梅子坑地最高险,两山夹一小径,采樵人及贩炭、鬻果实者,皆经此径。是日地震,一樵者先行,地忽裂,樵者坠其中,地旋复合,已成天葬矣。随后者惊骇异常,归以述之(所闻)。
青埔一池,广数十丈,袤百丈,尝过其岸,池水沦涟可玩,忽舆夫卸肩,亦即仓皇出轿,足立不定,只据地坐,池水无风,浪高拍岸,遍身湿透,而坐处如箕簸,有顷方定,始知为地震也(所见)。
台地常震,而嘉之震尤甚。郡城大震,则嘉邑一带将倾山倒海矣。内地人、外江人未至台湾,与之言地震状,未有信之者,且以为荒诞无稽,徒好谈诡异耳。即有尝闻之者,亦以为不至若此之甚也。然此皆目见、耳闻,字字纪实,海外之奇,何啻如是!
(二)小琉球火
距凤东港十余里,巨浸茫茫中,有一屿,曰「小琉球」,无山石,广袤约计十里许,平坦可种藷蓣,又宜种西瓜,大如斗,附近贫民结庐居之,皆矮屋低檐,恐四面无山、或风吹而去也。海多卤古石,咸水之所结,甚利,船触辄碎,欲渡者只用竹筏。嘉庆十六年六月十八夜,海中突有火起,始则星星数点,或浮、或沉,继则渐高、渐起,已数千万点矣。既而合为一堆,赫赫炎炎,气熏蒸甚,俄而大风拂拂,送火从小琉球来。居人惊惶奔走,无处逃生,自分必死于是矣。火至,人皆仆地,且觉火气蒸人,甚于酷暑。数刻,火退,起视茅舍依然,而薯叶被火,焦赤如霜叶,然不甚灾。又闻沿海一带居民,夜见火光惊起,遥见火中如千军万马,杂沓飘飘而来,过小琉球,逾时始没。或云嘉庆十四年五月间事。(道光十年二月二十日恩贡生林师圣报)
(三)加藤港暴涨
凤港西里有加藤港,多生加藤,可作涩,染工赖之,故名云。港有船通郡,往来潮汐无异。乾隆四十六年四、五月间,时甚晴霁,忽海水暴吼如雷,巨涌排空,水涨数十丈,近村人居被淹,皆攀援而上至尾,自分必死。不数刻,水暴退,人在竹上摇曳呼救,有强力者一跃至地,兼救他人互相引援而下,间有牧地甚广及附近田园沟壑,悉是鱼鰕,拨刺跳跃,十里内村民提篮挈筒,往争取焉。闻只淹毙一妇。妇素悍,事■〈女占〉不孝,余皆得全活。嗣闻是日有渔人获两■〈句黾〉鼊,将归,霎时间波涛暴起,二物竟去。渔者乘筏从竹上过,远望其家已成巨浸,至水汐时,茅屋数椽,已无有矣。(道光十年二月二十日恩贡生林师圣报)
(四)星异
乾隆三十七年七月某夜,有星散曜,自西北而东南,入于银河,光芒百丈。河内大小星斗,半在曜内,其色倍明。夜半,人起视之,共相骇异。或曰此彗星也,主灾死。

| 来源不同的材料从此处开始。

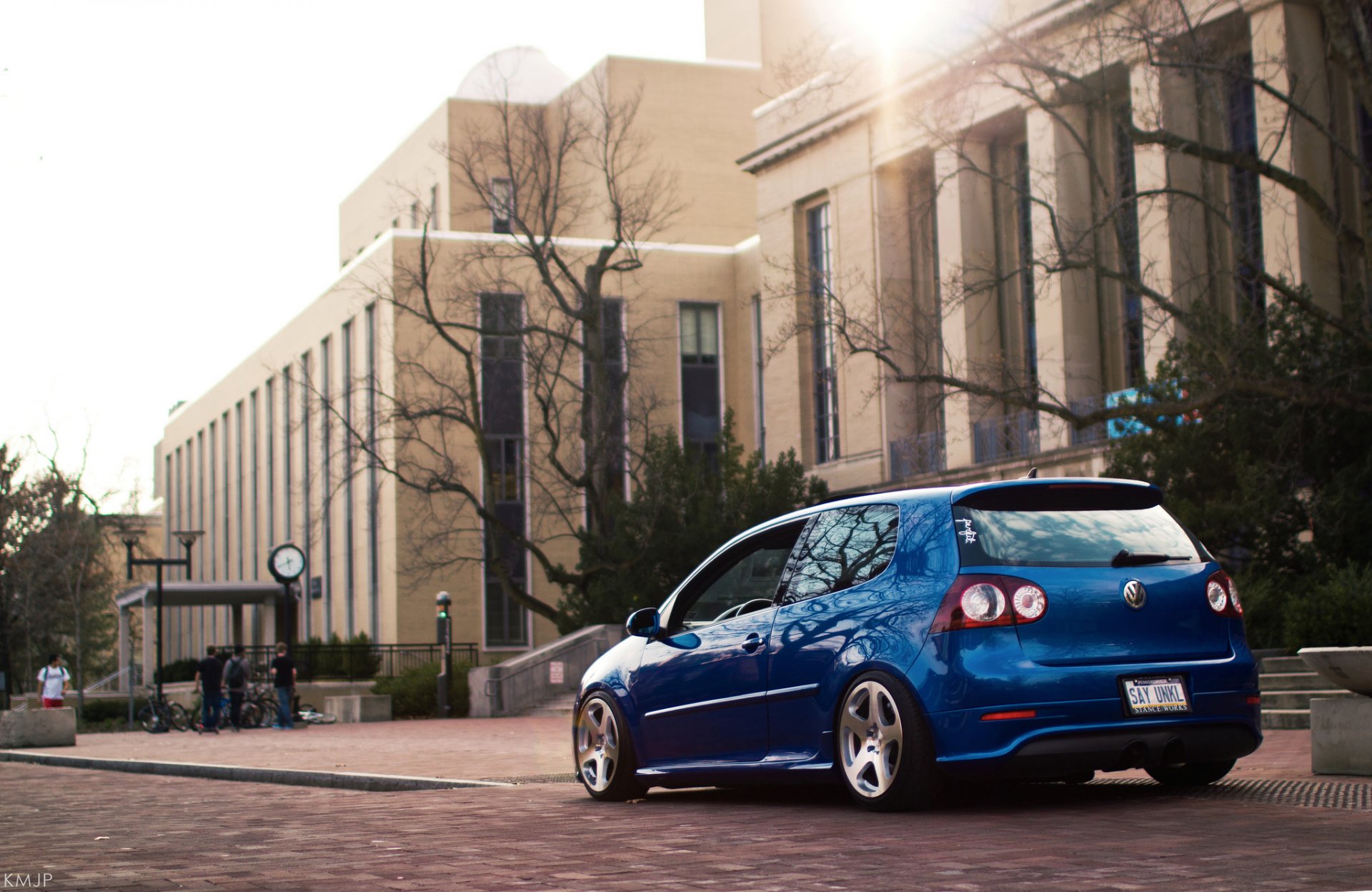 volkswagen гольф r32 синий тюнинг город здания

道光乙酉八月既望,有星天中如帚,初出自子丑时,继乃在亥戌酉,其曜起于东南,而气冲西北,暗淡无光,焰约二尺有奇,人曰:彗星也。上弦日,当月色渐腾辉,其星遂隐曜,若有若无,至望后,月出渐晚,则酉刻微芒可见,而不甚光曜。至来年春,尚有之,未知何时消灭。是年遂有嘉、彰、淡闽粤之衅。
(五)水灾
乾隆,彗星散曜之年月,数日后,南路港东里遂有洪水之灾。先一日巳刻,傀儡山黑云四布,望之如墨云,中有物,头角鳞爪毕具,蜿蜒隐现,如世所画云龙状,不数刻,大雨如■〈雨上澍下〉,彻夜不止。姜园庄四面皆溪,惟外馆地势颇高,三更后,水淹民舍,男妇老幼尽奔入外馆,水亦渐涨满(馆中人在方榻坐,手攀门扉,水已及脐,环视他人,势将灭顶,越翌日,水稍退,大武丁庄有阿妹者,粤人妇也,素常来馆,知被淹,必无举火,因其家未至浸淫,煮薄粥、驾竹筏,从竹上过而来馆,盖两夜一日余不得食矣。一滴如甘,始得不死,及郡闻之,益信星曜告异也。
(六)鼠尾风
青天白日,忽黑云四布,从远岫起,人见之;有尾在云际蜿蜒,不知何物。咸称之曰:「鼠尾」。尝上北路,至湾里溪,渡中流,见一物,在云脚间,或伸、或缩,初见如丝、如鼠尾,再睹则如绳、如牛尾矣。少顷间,小者、大者数十条,更有广至数围,渐渐逼近,风遂暴起,舟子惊曰:「鼠尾起矣」,不速至,必被淹没,舟人大恐,甚有哭者。幸到岸,急风大至,与舆夫俱蹲竹下,有顷,风止乃得行(所见)。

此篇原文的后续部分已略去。